QoS class preservation

The operator refuses a resize if it would change the pod's QoS class. For Guaranteed pods, requests must always equal limits.

Safety system¶

Every resize is guarded by the safety monitor:

OOMKill detection: reverts if the container is OOMKilled after resize.
CPU throttle detection: reverts if the CPU throttle ratio exceeds 50% post-resize (queries Prometheus for container_cpu_cfs_throttled_periods_total).
Restart spike: reverts if the container restarts 2+ times post-resize.
NotReady detection: reverts if the pod loses its Ready condition.
Exponential backoff: consecutive reverts double the cooldown (capped at 16x).
LimitRange/ResourceQuota guard: skips resizes that would violate namespace LimitRange min/max constraints or exceed ResourceQuota headroom.
Degraded condition: when 3+ of the last 5 resizes are reverted, the controller sets a Degraded condition with reason HighRevertRate.
Kubernetes Events: emits Normal/Resized and Warning/Reverted events on the policy for visibility via kubectl describe.
Auto-revert: when enabled (default), the operator restores the original resources via the /resize subresource.

Cooldown enforcement prevents repeated resize attempts. See Safety System for the full design.

Cost savings estimation¶

The operator computes EstimatedMonthlySavings based on the difference between current and recommended resource requests. Pricing is configurable via AttuneDefaults or AttuneNamespaceDefaults:

spec:
  costPricing:
    cpuPerCoreHour: "0.031"     # default: $0.031
    memoryPerGiBHour: "0.004"   # default: $0.004

The formula is: (cpuCoresSaved * cpuPrice + memGiBSaved * memPrice) * 730 hours/month. View savings via kubectl attune savings or the Grafana dashboard.

Multi-container support¶

By default, the operator computes recommendations for every container in a pod, except well-known mesh and sidecar names (istio-proxy, linkerd-proxy, consul-dataplane, kuma-dp, vault-agent, Cloud SQL proxy names, and similar). That list is applied when excludeKnownSidecars is true (the default). Add more names with excludedContainers (union with the known list).

spec:
  # excludeKnownSidecars: true  # default
  excludedContainers:
    - my-company-agent   # extra skips beyond the known list

To right-size known sidecars again (pre-auto-exclude behavior):

spec:
  excludeKnownSidecars: false

Before executing a resize, the operator also checks that the total resource requests across all containers (with the new target applied) do not exceed the node's allocatable resources.

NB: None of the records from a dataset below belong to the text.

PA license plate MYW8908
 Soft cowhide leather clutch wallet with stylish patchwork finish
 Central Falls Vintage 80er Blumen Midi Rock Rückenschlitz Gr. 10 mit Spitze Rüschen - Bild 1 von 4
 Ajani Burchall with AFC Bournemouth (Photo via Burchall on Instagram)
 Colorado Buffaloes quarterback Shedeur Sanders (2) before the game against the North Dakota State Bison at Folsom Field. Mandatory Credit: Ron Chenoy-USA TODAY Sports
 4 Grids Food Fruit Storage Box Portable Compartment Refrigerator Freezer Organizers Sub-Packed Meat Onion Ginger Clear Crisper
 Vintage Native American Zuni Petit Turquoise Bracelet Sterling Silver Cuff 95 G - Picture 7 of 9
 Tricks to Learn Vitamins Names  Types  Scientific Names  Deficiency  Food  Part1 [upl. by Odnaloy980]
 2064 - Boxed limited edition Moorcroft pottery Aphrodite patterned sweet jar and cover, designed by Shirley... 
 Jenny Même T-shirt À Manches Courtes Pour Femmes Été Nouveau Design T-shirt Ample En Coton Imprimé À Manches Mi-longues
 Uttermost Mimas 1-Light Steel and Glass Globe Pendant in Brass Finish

Prometheus auto-discovery¶

The Prometheus address is resolved in order:

spec.metricsSource.prometheus.address on the AttunePolicy
spec.metricsSource.prometheus.address on an AttuneNamespaceDefaults resource in the same namespace
spec.metricsSource.prometheus.address on an AttuneDefaults resource
Auto-discovery: Prometheus Operator CRD (monitoring.coreos.com/v1 Prometheus)
Auto-discovery: well-known service names (prometheus-server, prometheus-kube-prometheus-prometheus) in common namespaces

If all five fail, the policy enters PrometheusUnavailable status.

Conflict detection¶

The operator detects:

VPA conflicts: warns when a VPA targets the same workload.
HPA coexistence: logs a notice and adjusts only requests (not replicas).
Policy overlap: higher-weight policies take precedence when multiple AttunePolicies match the same workload.
Active rollouts: skips resizing during an in-progress deployment rollout.
Opt-out annotation: workloads with attune.io/skip: "true" are ignored.